Если лошадь у славян воспринималась как животное обыкновенное, непрестижное, хозяйственное, трудящееся, то тем более возмутительным и унижающим представлялся хомут на человеке. Взнуздать человека, запрячь его в повозку означало лишить его человеческого облика, символически уравнять с бессловесной тварью. Так поступали летописные обры со дулебскими «женами»: злодеи запрягали женщин завоёванного племени вместо лошадей и волов. («Обры» – это воинственные авары, жившие во времена раннего Средневековья в Восточной и Центральной Европе. Согласно русской летописи, за гордыню Бог истребил их всех до единого. В память о наказании нечестивцев оставалась на Руси поговорка: «погибоша аки обре».)

И о разных прочих врагах, во всякие позднейшие эпохи, проносились слухи, будто они издевательски запрягали покорённых ими людей. В рукописном дневнике тверского купца Михаила Тюльпина, который был назван им «Летописью о событиях в Твери 1762–1823», включены известия о войске Наполеона в Москве. Тюльпин писал: «…А для доставления в кремль съестныхъ припасовъ всякого рода и чтобы рускихъ обоего пола не разбирая ни состояния ни летъ, употреблять вместо лошадей»[721].

Вот и создатели российского фильма «Царь» (2009 г., реж. П. С. Лунгин) зачем-то решили продемонстрировать на экране Ивана Грозного, выезжающего на повозке, в которую запряжены боярские дочери – девушки из лучших столичных семей. Православный царь – а ведёт себя (точнее, везут его), как обрин поганый, Богом истреблённый. Что и говорить, такой киношный образ запоминается…

В древней Италии, где в I тыс. до н. э. ж или индоевропейские народы, отдалённо родственные славянам, был такой воинский ритуал: побеждённых врагов, сложивших оружие и сдавшихся, заставляли проходить «под игом». Прямо на месте битвы втыкали два копья, а сверху, поперёк, прикрепляли третье, делая тем самым что-то вроде ворот. Это и было позорное «иго» (лат. «jugum»), под которым одного за другим прогоняли сдавшихся воинов. Слово «jugum» означало ярмо, хомут, парную запряжку волов, а в переносном смысле – рабство. То есть прошедшие «под игом» разгромленные враги, став пленниками, уподоблялись рабочей скотине, да ещё «говорящему скоту» – рабам. Кстати, показательно, что однокоренным существительным «conjunx» римляне называли супруга или супругу. Древнеримские супруги – буквально: «сопряжённые», «соединённые», «одноупряжники». Так же обстояло дело и с соответствующими древнегреческими терминами. Да и славянское существительное «супруг» строится по той же модели, оно родственно глаголу «запрягать». Интересно, что символика прочного супружеского скрепления и соединения возродилась в недавние годы в обычае навешивать в день свадьбы замок на мосту, а ключ от него выбрасывать. У некоторых людей этот новый обычай вызывает неприятные ощущения: мол, это как-то слишком уж навсегда, да чуть ли не насильно…[722]

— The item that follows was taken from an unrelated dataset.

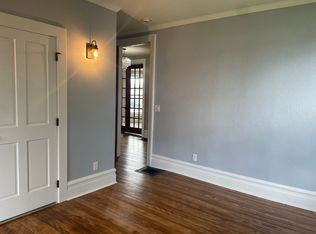 1564 2nd Ave SE, Cedar Rapids, IA 52403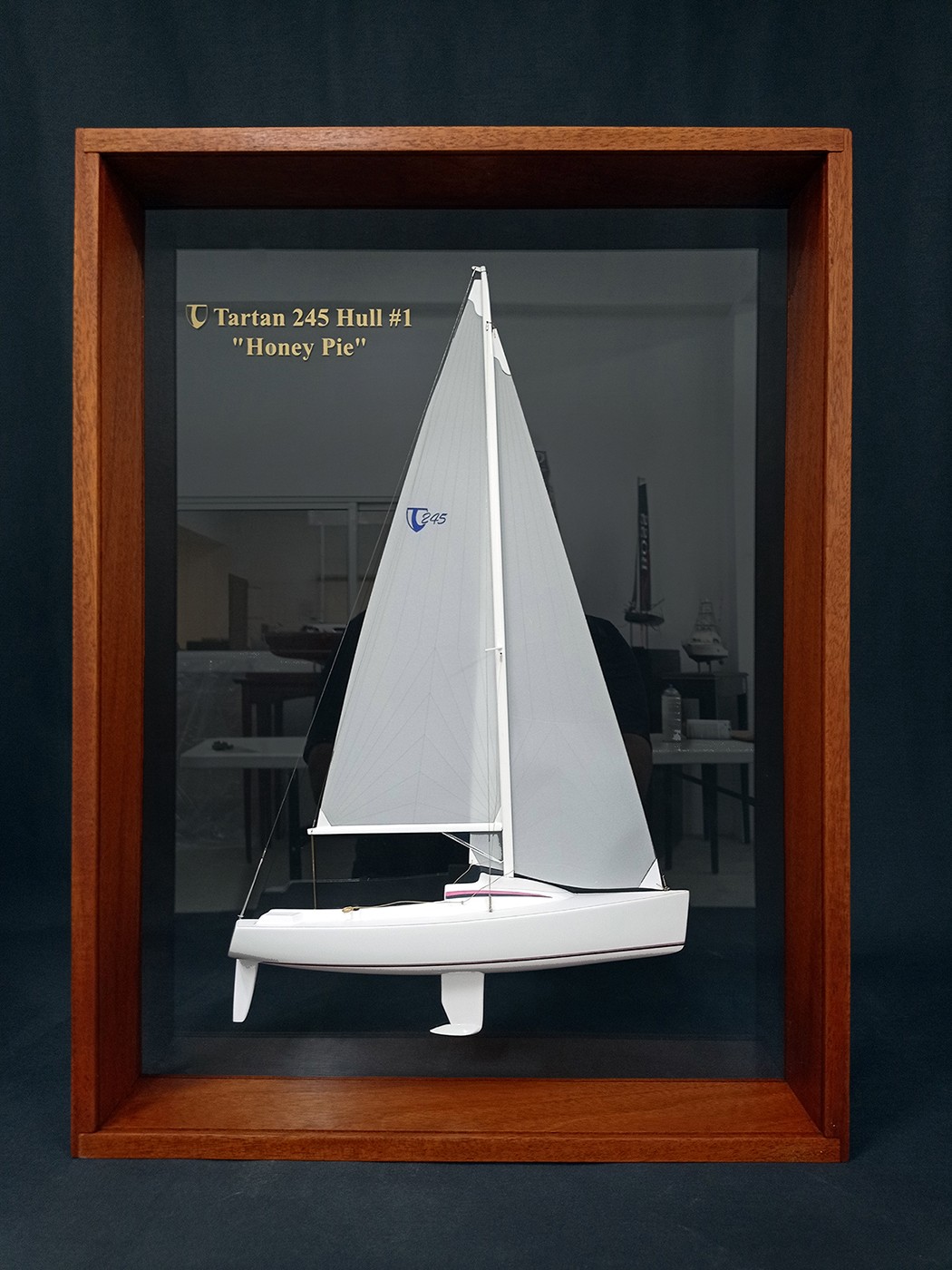 Custom Half Models - Tartan - Tartan 245 framed half model - Abordage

Для тех, кто говорит «словами», то есть для славян, уподобление бессловесному домашнему скоту было особенно оскорбительным. В русском народном праве надевание хомута и запрягание в повозку применялось, например, в случаях воровства и прелюбодейства. Это означало символическое исключение виновного из человеческого коллектива путём соотнесения его с миром животных[723].

Фольклорно-мифологические аспекты, связанные с мотивом, так сказать, загробного оскотинивания, то есть уподобления мертвеца домашнему животному, указывают также на значение темы движения в погребальной практике и в мифологии «иного мира».